*** EXERCISE MATERIALS ***
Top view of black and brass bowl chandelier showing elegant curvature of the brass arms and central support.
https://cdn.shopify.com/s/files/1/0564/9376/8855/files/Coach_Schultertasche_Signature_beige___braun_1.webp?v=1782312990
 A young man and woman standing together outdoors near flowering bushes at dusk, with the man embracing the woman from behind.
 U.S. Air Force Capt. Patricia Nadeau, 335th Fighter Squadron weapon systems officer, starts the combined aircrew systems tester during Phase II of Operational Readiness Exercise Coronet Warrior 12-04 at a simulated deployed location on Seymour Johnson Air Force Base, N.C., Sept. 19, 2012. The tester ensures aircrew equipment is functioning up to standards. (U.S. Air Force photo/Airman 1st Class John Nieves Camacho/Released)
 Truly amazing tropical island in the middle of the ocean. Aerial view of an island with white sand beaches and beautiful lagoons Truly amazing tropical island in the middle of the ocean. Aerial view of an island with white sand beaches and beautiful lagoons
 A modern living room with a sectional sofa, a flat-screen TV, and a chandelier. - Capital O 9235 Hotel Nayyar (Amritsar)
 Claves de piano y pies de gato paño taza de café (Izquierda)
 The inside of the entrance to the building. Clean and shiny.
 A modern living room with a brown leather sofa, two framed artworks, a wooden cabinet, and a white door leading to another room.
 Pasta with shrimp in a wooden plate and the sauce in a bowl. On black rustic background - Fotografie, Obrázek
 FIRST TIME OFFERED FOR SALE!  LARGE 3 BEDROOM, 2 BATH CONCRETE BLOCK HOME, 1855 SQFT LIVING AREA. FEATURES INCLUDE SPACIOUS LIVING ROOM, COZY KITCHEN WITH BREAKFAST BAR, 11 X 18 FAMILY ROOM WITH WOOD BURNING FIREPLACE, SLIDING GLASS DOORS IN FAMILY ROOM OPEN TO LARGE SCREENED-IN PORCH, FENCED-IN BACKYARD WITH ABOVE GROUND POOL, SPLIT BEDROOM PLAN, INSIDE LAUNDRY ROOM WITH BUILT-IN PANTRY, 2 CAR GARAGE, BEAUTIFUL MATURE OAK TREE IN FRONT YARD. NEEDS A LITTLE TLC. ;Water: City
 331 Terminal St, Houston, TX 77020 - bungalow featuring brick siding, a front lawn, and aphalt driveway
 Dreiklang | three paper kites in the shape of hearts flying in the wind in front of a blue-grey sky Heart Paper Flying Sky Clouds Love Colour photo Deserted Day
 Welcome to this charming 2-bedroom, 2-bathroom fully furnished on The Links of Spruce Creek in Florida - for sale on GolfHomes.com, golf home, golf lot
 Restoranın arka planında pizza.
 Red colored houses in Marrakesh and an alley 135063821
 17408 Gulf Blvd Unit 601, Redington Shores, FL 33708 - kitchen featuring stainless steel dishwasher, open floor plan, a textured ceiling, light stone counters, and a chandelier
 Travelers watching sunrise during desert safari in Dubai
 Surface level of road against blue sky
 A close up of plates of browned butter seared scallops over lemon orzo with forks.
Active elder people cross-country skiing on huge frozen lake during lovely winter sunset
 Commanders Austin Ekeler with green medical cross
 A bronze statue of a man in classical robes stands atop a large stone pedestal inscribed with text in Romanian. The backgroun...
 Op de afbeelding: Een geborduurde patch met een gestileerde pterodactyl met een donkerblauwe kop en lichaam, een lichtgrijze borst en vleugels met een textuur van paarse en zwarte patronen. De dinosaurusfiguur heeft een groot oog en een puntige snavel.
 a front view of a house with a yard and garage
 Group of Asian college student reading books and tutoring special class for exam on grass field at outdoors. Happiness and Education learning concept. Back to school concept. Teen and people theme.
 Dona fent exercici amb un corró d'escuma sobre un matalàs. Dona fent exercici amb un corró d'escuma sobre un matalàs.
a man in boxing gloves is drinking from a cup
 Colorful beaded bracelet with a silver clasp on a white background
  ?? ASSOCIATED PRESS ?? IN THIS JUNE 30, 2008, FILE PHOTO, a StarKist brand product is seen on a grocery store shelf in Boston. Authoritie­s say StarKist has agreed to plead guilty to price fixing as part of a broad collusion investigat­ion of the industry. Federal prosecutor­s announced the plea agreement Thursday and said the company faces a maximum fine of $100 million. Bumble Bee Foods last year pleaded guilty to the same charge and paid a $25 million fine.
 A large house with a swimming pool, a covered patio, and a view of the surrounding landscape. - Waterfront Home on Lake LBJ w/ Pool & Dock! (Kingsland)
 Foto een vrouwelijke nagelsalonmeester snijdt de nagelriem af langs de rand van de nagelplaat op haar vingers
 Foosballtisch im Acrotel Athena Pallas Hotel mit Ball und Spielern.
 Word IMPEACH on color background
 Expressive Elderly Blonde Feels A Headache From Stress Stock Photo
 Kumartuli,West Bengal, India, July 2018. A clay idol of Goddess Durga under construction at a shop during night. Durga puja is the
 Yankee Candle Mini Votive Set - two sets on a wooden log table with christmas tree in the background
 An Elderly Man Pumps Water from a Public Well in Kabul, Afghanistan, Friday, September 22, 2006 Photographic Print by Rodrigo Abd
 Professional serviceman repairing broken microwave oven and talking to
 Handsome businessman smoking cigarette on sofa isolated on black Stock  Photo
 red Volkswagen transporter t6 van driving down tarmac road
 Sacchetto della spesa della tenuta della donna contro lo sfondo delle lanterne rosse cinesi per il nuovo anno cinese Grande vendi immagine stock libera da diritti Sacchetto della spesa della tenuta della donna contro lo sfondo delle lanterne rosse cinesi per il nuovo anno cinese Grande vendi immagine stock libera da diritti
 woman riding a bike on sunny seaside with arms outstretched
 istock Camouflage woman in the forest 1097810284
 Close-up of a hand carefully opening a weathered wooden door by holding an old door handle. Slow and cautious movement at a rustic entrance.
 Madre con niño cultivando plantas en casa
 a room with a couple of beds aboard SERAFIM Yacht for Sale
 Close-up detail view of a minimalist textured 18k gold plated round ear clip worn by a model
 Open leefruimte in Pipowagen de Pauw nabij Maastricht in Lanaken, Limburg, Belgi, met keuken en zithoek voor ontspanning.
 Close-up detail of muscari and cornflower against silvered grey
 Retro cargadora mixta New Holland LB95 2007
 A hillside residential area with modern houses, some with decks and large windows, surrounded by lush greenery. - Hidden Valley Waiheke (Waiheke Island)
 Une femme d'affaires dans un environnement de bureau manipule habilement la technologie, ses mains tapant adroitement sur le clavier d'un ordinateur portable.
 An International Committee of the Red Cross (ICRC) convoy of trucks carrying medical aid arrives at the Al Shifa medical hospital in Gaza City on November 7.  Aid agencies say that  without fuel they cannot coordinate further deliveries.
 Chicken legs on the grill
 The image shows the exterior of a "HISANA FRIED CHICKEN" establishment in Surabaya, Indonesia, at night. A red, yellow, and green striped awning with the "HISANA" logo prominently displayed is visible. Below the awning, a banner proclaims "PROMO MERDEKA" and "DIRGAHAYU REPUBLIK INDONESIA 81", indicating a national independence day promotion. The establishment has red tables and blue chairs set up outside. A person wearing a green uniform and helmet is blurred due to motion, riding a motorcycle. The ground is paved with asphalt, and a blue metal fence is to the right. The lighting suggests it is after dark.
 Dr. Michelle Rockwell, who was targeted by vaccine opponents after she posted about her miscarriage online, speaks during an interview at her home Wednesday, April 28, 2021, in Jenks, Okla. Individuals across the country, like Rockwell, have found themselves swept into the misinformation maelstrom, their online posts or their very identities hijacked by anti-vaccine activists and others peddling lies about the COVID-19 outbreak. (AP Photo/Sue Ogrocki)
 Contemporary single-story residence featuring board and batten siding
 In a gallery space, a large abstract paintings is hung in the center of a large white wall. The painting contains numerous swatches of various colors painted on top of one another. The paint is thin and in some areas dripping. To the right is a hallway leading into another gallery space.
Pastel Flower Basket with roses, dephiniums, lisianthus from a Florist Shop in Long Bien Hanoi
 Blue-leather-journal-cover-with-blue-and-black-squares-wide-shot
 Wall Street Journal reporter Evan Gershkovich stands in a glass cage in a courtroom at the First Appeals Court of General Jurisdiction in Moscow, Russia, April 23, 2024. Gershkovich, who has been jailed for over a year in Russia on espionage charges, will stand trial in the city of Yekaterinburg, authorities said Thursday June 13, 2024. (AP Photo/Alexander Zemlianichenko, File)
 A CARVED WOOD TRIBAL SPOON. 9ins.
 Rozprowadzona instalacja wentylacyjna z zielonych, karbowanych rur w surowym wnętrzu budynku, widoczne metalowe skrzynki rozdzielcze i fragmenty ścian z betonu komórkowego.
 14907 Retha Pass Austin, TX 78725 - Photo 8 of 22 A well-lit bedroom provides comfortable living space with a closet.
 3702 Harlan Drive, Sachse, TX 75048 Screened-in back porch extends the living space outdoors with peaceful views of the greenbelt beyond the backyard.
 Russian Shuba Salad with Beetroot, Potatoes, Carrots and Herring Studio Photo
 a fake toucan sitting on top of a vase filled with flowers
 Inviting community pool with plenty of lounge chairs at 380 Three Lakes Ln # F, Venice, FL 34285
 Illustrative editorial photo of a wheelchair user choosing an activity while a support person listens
***
** EXERCISE **
The lines to copy run from the first line of the entries to the line containing "A young man"; copy them exactly and output nothing else.

** EXERCISE RESULT **
Top view of black and brass bowl chandelier showing elegant curvature of the brass arms and central support.
https://cdn.shopify.com/s/files/1/0564/9376/8855/files/Coach_Schultertasche_Signature_beige___braun_1.webp?v=1782312990
 A young man and woman standing together outdoors near flowering bushes at dusk, with the man embracing the woman from behind.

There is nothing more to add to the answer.